September 14, 2017
In 1975, the auto industry began to equip vehicles with catalytic converters to meet the emission limits of the Clean Air Act of 1970. Sitting unobtrusively between the engine and the muffler, the “cat” changes the noxious gases in automobile exhaust into harmless nitrogen, oxygen, carbon dioxide, and water. The result, according to the National Institutes of Occupational Health, was an 80 percent decline in the number of unintentional vehicle-related deaths caused by the most dangerous byproduct of combustion engines: carbon monoxide.

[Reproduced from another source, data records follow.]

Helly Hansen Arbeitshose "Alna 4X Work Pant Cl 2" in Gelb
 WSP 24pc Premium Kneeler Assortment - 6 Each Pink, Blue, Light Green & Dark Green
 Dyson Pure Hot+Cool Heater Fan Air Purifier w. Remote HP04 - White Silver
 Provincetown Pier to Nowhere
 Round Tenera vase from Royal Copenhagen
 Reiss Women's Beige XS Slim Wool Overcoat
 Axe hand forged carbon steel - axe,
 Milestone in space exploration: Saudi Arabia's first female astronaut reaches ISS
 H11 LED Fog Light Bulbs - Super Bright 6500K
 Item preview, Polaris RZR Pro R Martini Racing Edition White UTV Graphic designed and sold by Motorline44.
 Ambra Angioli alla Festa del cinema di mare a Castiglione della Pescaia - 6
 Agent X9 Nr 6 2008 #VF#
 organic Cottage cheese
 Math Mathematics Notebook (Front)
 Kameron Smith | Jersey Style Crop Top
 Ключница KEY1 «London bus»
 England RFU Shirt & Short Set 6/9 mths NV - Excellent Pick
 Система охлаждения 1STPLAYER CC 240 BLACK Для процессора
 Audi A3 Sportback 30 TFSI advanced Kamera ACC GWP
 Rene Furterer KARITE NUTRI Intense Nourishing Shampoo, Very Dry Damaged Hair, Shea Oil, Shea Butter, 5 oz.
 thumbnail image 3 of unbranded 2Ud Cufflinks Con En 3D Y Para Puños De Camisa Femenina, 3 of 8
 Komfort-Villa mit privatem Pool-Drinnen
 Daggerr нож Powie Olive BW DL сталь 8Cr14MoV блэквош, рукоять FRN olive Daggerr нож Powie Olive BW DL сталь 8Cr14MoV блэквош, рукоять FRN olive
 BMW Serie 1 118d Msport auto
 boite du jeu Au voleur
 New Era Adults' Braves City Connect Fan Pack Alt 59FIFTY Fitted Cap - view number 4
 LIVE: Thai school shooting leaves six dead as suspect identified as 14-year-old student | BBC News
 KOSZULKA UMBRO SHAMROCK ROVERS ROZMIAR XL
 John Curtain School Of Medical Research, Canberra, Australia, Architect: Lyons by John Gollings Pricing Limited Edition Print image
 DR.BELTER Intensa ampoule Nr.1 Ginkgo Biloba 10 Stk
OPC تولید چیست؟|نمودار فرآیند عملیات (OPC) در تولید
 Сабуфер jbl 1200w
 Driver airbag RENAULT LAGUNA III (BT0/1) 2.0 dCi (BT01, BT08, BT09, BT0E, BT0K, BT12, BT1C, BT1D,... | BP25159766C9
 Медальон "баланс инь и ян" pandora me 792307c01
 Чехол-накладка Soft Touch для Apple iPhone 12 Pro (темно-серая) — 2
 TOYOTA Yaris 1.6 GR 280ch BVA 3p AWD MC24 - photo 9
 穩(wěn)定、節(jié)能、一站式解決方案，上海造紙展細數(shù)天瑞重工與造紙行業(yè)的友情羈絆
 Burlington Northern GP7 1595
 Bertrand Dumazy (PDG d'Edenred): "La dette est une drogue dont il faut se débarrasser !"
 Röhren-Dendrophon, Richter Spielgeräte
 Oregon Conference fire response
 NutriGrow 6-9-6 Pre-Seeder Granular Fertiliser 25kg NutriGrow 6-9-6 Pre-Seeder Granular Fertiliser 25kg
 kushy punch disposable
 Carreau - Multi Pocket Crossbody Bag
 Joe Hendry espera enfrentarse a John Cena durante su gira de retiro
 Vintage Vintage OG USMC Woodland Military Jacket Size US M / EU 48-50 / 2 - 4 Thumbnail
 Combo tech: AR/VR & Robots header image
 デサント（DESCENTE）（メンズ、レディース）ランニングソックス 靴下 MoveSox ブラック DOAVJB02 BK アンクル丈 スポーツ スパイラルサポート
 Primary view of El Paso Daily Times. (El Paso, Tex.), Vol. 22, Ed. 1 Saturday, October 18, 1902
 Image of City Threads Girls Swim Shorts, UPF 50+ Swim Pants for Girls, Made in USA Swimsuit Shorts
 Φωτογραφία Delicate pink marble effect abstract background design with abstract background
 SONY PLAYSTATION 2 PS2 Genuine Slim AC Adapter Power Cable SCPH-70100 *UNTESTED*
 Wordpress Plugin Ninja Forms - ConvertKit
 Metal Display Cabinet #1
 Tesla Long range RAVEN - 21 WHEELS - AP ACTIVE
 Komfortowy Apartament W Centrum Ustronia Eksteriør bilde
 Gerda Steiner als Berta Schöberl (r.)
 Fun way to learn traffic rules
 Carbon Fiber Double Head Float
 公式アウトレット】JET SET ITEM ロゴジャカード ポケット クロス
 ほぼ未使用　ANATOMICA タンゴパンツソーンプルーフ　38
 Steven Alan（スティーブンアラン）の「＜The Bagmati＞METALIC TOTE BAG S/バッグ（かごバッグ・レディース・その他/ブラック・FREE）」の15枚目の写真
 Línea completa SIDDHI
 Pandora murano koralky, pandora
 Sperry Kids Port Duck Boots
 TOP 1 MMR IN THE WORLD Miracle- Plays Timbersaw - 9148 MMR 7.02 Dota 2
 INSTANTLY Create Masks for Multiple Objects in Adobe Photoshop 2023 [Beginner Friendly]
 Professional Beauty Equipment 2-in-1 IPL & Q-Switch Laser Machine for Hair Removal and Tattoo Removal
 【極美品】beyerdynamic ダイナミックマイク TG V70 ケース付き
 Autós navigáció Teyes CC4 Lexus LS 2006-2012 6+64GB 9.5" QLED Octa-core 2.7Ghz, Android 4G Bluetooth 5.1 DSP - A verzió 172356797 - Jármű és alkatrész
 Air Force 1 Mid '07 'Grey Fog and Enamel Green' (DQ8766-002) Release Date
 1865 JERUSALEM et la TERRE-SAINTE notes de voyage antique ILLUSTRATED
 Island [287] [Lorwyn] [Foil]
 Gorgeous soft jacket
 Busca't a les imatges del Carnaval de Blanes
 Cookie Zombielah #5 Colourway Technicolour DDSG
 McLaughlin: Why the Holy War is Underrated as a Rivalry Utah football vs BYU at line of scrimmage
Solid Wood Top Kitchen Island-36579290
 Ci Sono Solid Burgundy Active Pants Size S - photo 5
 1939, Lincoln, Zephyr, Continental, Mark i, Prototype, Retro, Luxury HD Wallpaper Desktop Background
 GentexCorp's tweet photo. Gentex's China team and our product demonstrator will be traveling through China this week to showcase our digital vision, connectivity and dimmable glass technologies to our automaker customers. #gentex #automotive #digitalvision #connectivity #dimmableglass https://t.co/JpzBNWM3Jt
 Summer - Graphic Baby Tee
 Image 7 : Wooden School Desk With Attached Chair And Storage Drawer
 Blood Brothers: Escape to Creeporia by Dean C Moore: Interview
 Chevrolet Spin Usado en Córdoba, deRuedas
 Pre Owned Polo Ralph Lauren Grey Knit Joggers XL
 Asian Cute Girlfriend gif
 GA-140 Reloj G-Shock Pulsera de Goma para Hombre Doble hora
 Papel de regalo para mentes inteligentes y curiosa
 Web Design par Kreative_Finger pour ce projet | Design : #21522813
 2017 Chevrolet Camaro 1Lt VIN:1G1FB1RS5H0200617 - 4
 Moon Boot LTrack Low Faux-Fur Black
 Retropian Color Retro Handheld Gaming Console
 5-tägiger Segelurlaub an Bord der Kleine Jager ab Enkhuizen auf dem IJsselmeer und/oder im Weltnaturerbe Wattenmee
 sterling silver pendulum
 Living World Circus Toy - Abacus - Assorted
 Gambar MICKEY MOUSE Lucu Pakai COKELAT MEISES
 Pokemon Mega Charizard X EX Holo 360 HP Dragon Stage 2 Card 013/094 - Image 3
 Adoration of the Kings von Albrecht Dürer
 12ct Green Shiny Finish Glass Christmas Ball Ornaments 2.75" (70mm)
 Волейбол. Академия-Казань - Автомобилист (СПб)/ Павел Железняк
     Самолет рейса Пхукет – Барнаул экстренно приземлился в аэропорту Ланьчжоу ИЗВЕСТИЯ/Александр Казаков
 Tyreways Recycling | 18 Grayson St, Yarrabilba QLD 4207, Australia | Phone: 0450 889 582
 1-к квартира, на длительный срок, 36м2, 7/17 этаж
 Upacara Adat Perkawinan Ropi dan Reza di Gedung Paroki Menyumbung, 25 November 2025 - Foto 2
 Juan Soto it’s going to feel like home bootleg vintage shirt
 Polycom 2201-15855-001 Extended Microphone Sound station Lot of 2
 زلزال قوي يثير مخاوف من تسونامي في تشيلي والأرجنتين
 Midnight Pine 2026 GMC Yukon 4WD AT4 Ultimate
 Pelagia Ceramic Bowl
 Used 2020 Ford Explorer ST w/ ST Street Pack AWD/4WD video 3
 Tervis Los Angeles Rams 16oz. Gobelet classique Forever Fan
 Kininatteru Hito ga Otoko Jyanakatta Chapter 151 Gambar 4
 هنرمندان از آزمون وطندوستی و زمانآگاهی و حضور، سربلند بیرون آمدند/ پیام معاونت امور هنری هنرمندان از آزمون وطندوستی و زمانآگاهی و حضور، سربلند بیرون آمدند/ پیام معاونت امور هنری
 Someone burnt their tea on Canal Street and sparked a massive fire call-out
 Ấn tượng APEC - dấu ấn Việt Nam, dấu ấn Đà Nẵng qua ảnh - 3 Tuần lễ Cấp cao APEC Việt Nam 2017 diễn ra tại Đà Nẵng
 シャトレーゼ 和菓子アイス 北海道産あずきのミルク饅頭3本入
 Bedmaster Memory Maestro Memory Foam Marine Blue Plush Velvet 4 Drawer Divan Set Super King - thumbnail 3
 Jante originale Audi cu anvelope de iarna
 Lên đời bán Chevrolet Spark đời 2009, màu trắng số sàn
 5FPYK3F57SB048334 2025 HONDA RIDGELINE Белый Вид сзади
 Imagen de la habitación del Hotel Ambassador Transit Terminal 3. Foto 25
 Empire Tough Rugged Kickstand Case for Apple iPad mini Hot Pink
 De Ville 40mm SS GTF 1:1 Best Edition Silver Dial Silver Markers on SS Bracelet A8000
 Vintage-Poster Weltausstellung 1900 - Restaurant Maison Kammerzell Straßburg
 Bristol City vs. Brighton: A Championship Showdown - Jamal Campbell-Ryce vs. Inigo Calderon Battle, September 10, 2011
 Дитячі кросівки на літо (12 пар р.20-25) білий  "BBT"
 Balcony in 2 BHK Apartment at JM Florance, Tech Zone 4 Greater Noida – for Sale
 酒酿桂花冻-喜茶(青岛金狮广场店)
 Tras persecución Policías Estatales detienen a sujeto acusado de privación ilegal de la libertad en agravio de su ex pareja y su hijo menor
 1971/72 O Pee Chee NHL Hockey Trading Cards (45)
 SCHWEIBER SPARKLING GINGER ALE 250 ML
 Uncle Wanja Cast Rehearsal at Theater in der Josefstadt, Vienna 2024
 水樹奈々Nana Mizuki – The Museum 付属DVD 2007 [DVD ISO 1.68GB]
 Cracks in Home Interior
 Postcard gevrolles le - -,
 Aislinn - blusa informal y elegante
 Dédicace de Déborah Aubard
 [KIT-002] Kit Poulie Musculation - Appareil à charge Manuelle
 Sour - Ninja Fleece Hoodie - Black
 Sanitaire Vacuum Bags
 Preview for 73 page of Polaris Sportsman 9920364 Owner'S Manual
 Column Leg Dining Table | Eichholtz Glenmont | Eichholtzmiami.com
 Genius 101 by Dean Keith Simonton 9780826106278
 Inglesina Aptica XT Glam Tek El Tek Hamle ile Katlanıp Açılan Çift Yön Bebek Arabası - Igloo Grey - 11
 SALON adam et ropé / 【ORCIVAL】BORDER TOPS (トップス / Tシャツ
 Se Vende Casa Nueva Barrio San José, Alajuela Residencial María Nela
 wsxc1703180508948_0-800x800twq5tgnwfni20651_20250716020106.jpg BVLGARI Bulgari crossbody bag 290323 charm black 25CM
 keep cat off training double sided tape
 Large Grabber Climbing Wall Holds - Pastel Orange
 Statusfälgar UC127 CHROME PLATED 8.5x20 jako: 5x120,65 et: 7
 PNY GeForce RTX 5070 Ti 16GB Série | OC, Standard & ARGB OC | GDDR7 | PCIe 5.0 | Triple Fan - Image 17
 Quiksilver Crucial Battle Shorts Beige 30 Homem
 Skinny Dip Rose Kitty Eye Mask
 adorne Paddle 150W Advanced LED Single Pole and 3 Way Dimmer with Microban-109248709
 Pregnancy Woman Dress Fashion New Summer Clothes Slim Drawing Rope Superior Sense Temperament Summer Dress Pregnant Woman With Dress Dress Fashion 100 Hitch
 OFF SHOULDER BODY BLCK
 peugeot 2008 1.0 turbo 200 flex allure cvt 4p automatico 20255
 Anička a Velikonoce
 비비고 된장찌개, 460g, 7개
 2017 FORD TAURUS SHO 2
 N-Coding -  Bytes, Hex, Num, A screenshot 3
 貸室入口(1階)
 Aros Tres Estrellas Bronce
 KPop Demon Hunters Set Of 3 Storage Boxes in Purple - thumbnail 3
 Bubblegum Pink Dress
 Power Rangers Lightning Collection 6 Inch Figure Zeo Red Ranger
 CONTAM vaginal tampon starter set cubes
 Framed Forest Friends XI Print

But catalytic converters don’t entirely eliminate the CO, so their advent did not eliminate motor vehicle CO poisonings. This lingering safety issue resurfaced in 2009, when keyless ignition systems severed drivers from their relationship with traditional metal keys, making it easy to inadvertently leave their vehicle engines quietly running while CO levels built inside the garage – and then the house. Motor vehicle carbon monoxide poisonings became newsworthy again in 2017, when numerous police departments with fleets of newish Ford Explorer Interceptors (a police version of the Explorer) began to complain that their officers were being sickened in their squad cars. Just last week, WRC, NBC’s Washington D.C. affiliate, broadcast a story showing that the problem affects civilian Explorers, too. The story featured two owners who suffered from the symptoms of carbon monoxide poisoning.
The truth is: carbon monoxide continues to kill hundreds and sicken thousands of people in the U.S. each year.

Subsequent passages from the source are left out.